Although health authorities, such as WHO and the UK National Health Service, are experimenting with introducing AI tools, the private sector is firmly taking the lead on AI technology. This dominance gives profit-driven private companies the potential for substantial influence over global health behaviour. Yet regulation to protect the public has not kept pace. Although purpose-built AI health tools are typically regulated as medical devices, general-purpose platforms like ChatGPT fall outside traditional regulatory frameworks. Accountability is also unclear, as laws surrounding medical liability in AI are still evolving. Recent AI deregulatory measures in the USA, where many AI companies are based, are likely to delay development of regulatory laws aimed at protecting users. A global perspective in AI regulation will be especially vital in protecting users in low-income and middle-income countries, where Government AI readiness is often lagging behind high-income countries. The 2025 launch of two UN initiatives to promote international cooperation in AI governance marks progress in global efforts to harness AI while addressing the risks.

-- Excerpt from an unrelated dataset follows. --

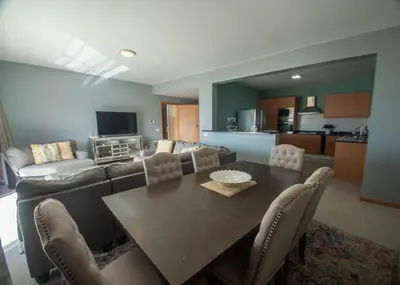 a living room with a table and a couch at Apartamentos Octane Mindelo in Mindelo
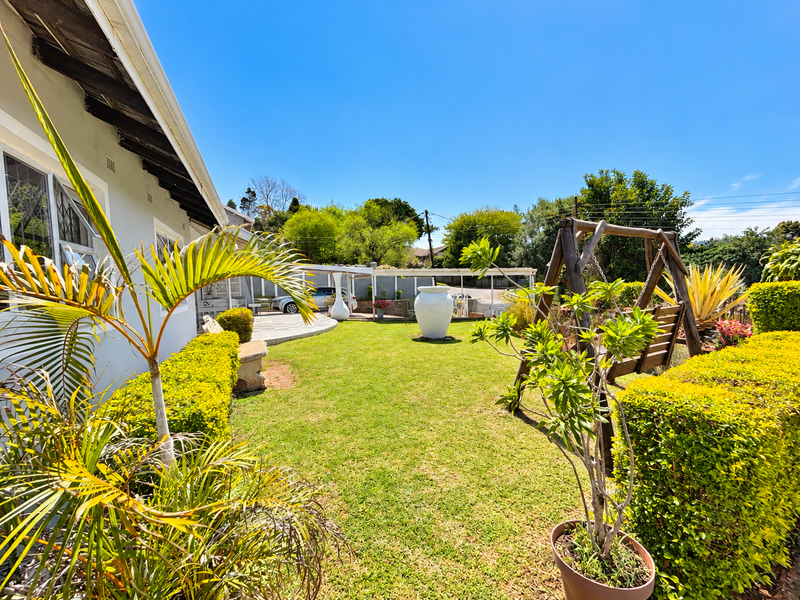A well-maintained rear garden featuring a manicured lawn, established hedges, and a paved patio area with a covered pergola structure.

With the rapidly expanding capabilities of AI, chatbots and other AI tools have the potential to support patients and assist established health systems. However, the current risks of widely accessible, unregulated, and unsafe AI technology are profound. Safeguarding people will require coordinated global action to ensure that these technologies support, rather than undermine, safe, equitable, and trustworthy health care. While we await the technological development and regulation that will result in safer AI tools, public health messaging, for example, publicity campaigns and implementation of disclaimers, is urgently needed to raise awareness of dangers and guide safe use.